Now, a stray unmanned train speeding toward doom isn’t exactly tough to politicize, either. One can clearly see Scott sympathies lying with the blue-collar workers whose guts, hunch and experience save the day in spite of the big bosses’ failed attempts to act. (This working-class optimism is so clear-eyed and populist that we are never pushed too far to acknowledge the obvious guilt of Ethan Suplee’s slob-mechanic, whose very negligence triggered the whole event and resulted in a death of one person).
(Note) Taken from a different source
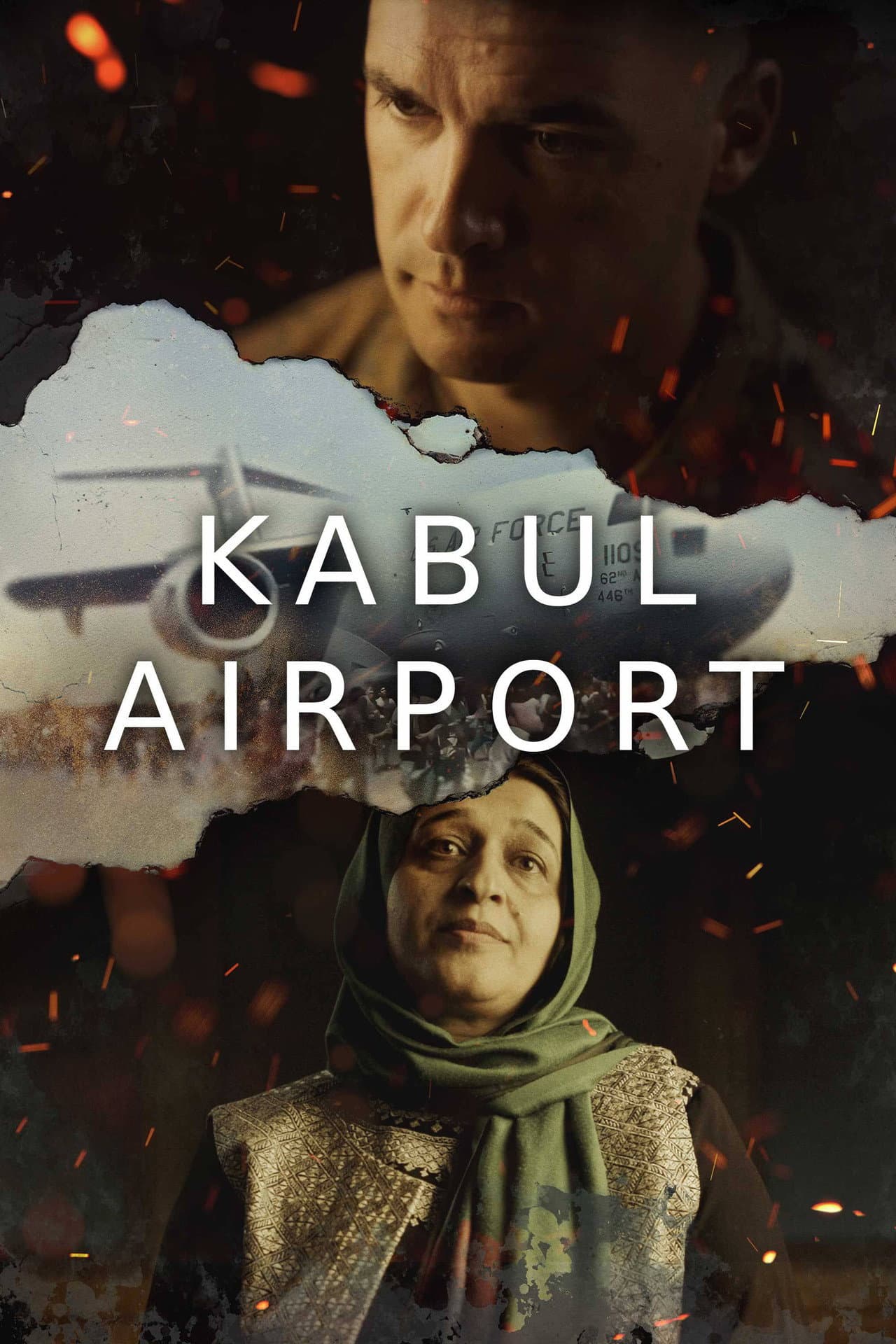 Escape from Kabul preview 2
Still, the movie is so unashamedly mechanical and its mode such a willful assault of our senses, that after 100 minutes of Scott’s signature firecracker-zooming, compulsive fast cutting and non-stop flow of Harry Gregson-William’s throbbing score, one can end up too exhausted to fully partake in the closing on-screen elation of a feat spectacularly accomplished.
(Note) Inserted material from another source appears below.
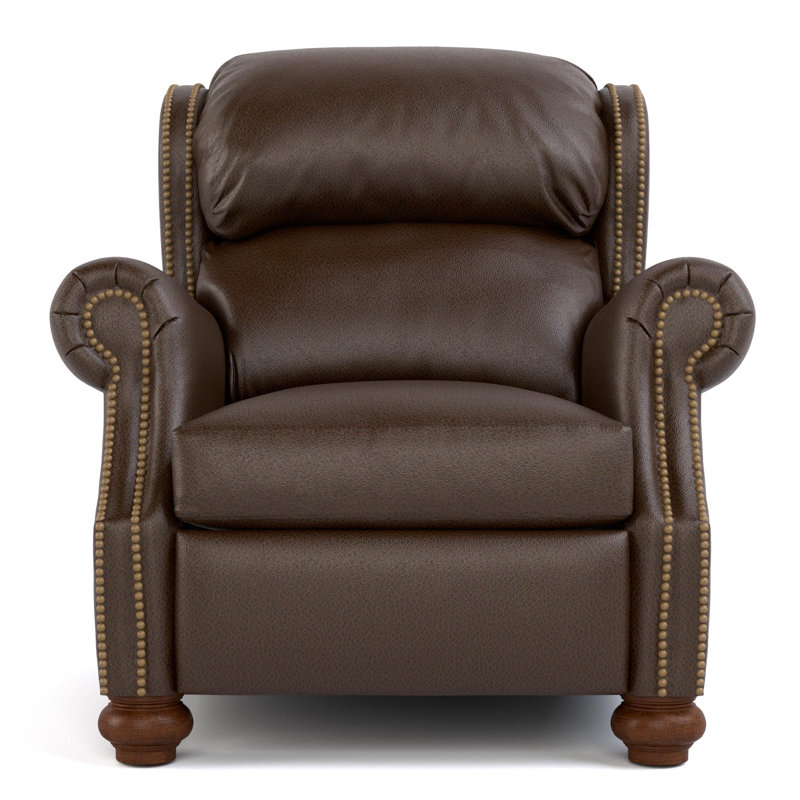 Fauteuil inclinable Durango, Weston fudge, Manuel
Saturday, November 6, 2010

Due Date (2010, Phillips)


Rating: ***

With all its lazy sitcom writing and its grating overload of dog reaction shots, Due Date strikes me as this year’s most rousing comedy, thanks to a happy pairing of two extremely odd and brilliant comic actors. The volatile straight man Robert Downey, and the hirsute nutball Zach Galifianakis make a great team together.

Todd Phillips doesn’t have the scale (or sensitivity) of, say, Jonathan Demme: his mix of abrupt action sequences and run-of-the-mill character comedy is purely mechanical, and never does it account for a genuine shift in tone. The shocking jolts (car crash, gunshot, etc.) keep coming and never truly disrupt the characters’ comic rapport with the audience. Still, it’s due to Phillips’ remarkable timing that those jolts aren’t just slapstick effects devoid of consequences. There’s a dark, surrealistic streak in Phillips that came to light a year ago in The Hangover (2009), and is on display in Due Date, as well.

The new movie is more dutiful in hanging onto generic rewards offered by the buddy movie, but the oddity of particular choices made by Downey and Galifianakis defy all conventions. (The scene in which Downey spits in the little mutt’s muzzle in ager has a raw energy that’s both scary and convulsively funny.)